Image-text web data
>>>

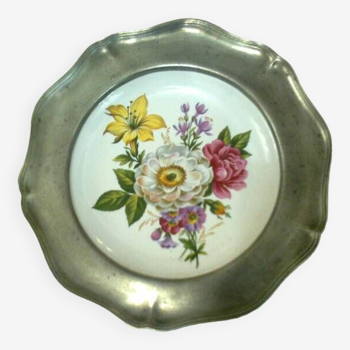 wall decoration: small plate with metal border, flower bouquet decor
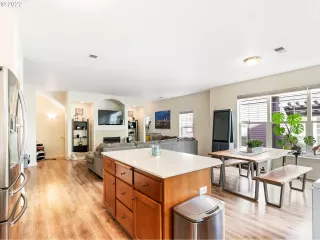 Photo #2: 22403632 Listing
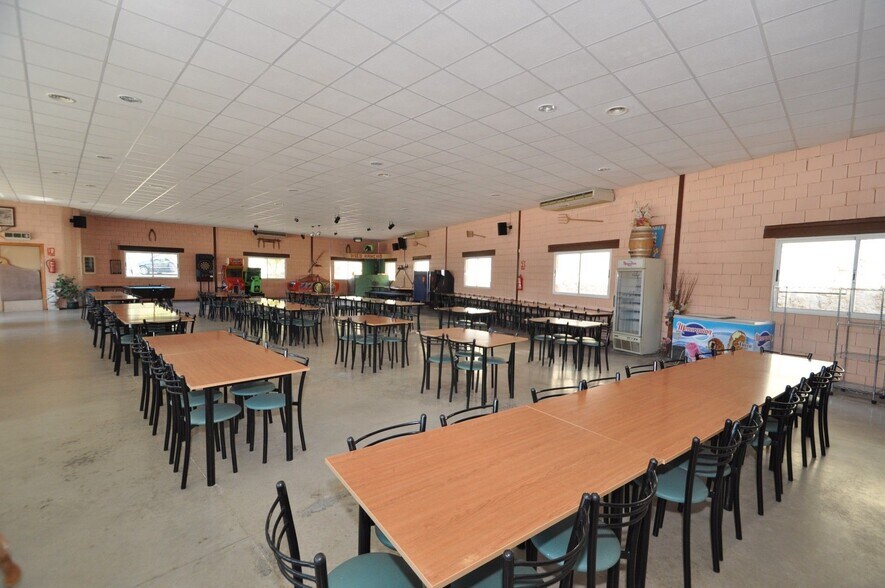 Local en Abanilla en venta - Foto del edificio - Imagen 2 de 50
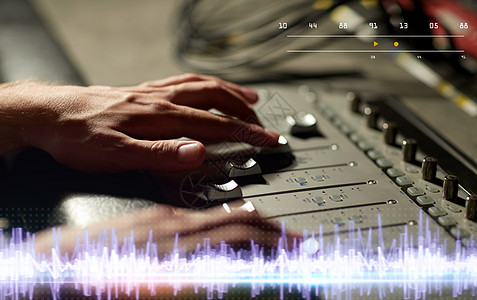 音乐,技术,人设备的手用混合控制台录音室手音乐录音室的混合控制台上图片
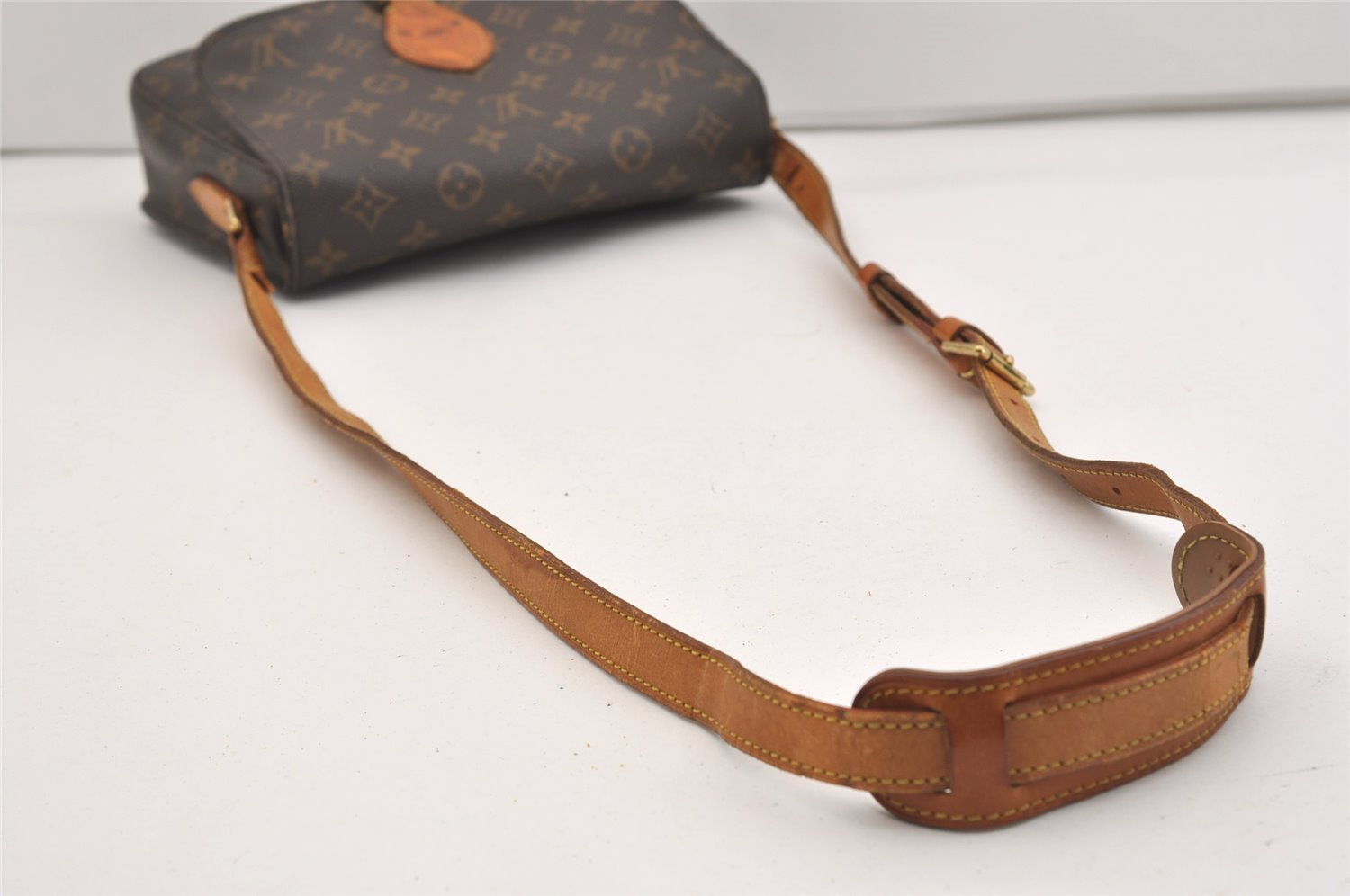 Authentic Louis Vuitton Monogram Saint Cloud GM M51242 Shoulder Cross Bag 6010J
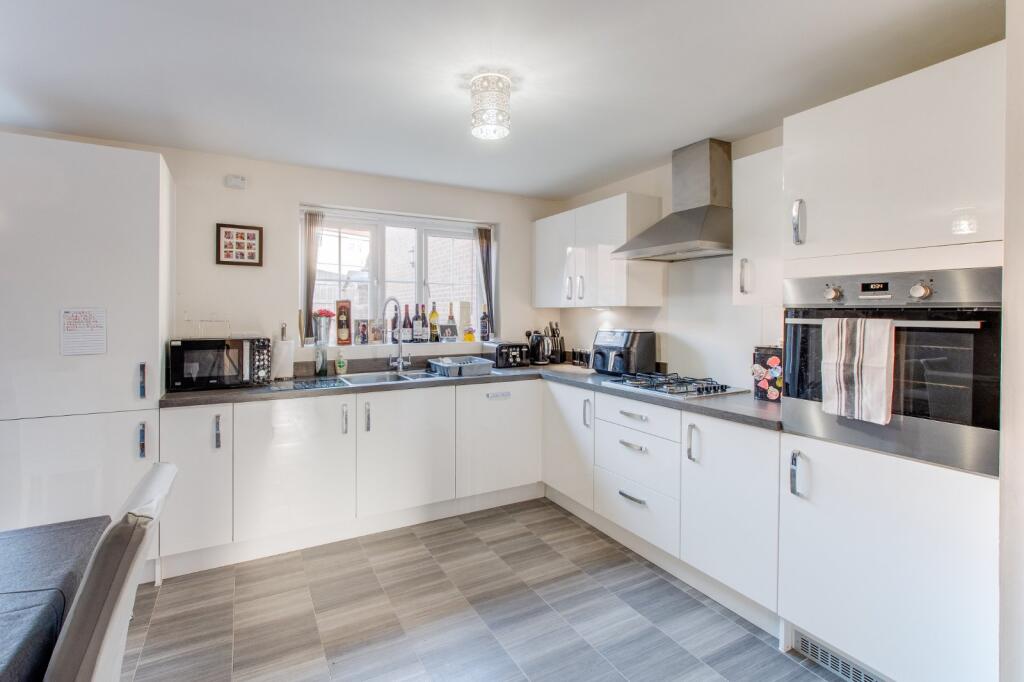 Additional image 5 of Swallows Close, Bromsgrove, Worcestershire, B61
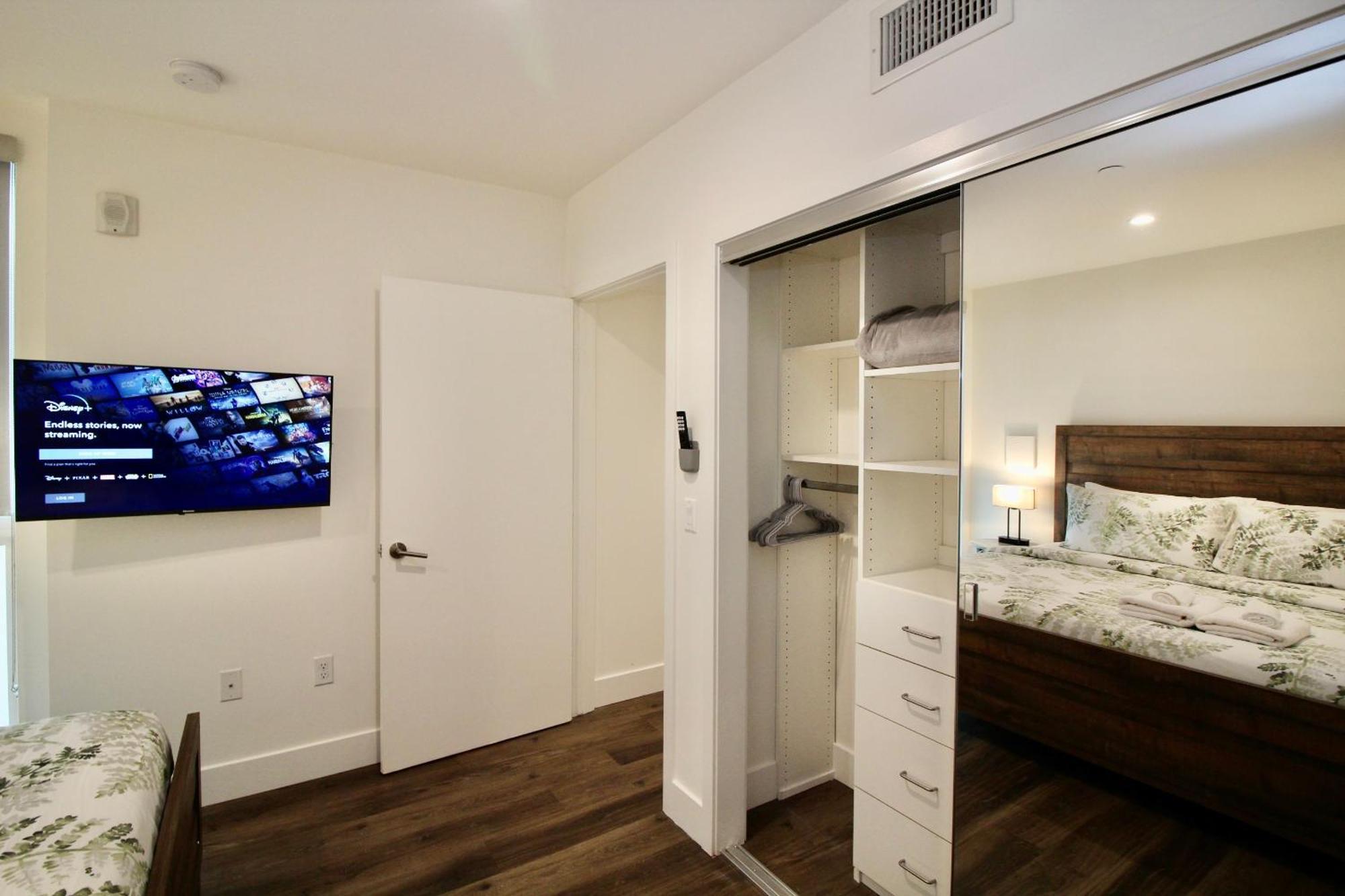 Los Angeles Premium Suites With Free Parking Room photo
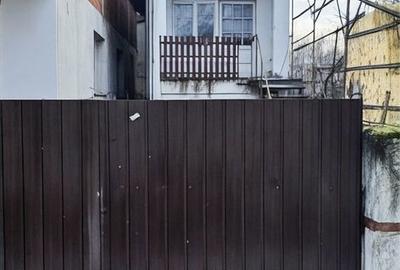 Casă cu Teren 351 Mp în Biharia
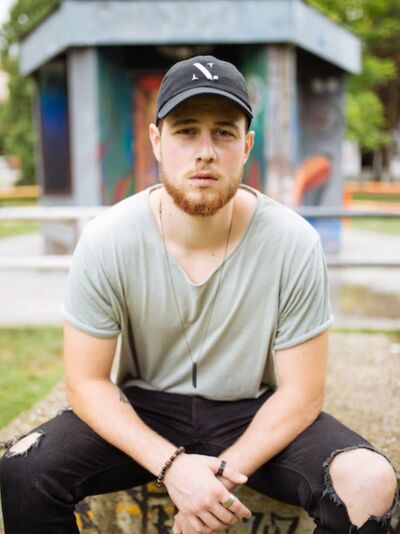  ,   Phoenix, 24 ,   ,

<<<

Your answer must be an exact copy of the lines from the line with "Local en Abanilla" to the final line of the data, both ends included, and no pictures.

 Local en Abanilla en venta - Foto del edificio - Imagen 2 de 50
 音乐,技术,人设备的手用混合控制台录音室手音乐录音室的混合控制台上图片
 Authentic Louis Vuitton Monogram Saint Cloud GM M51242 Shoulder Cross Bag 6010J
 Additional image 5 of Swallows Close, Bromsgrove, Worcestershire, B61
 Los Angeles Premium Suites With Free Parking Room photo
 Casă cu Teren 351 Mp în Biharia
  ,   Phoenix, 24 ,   ,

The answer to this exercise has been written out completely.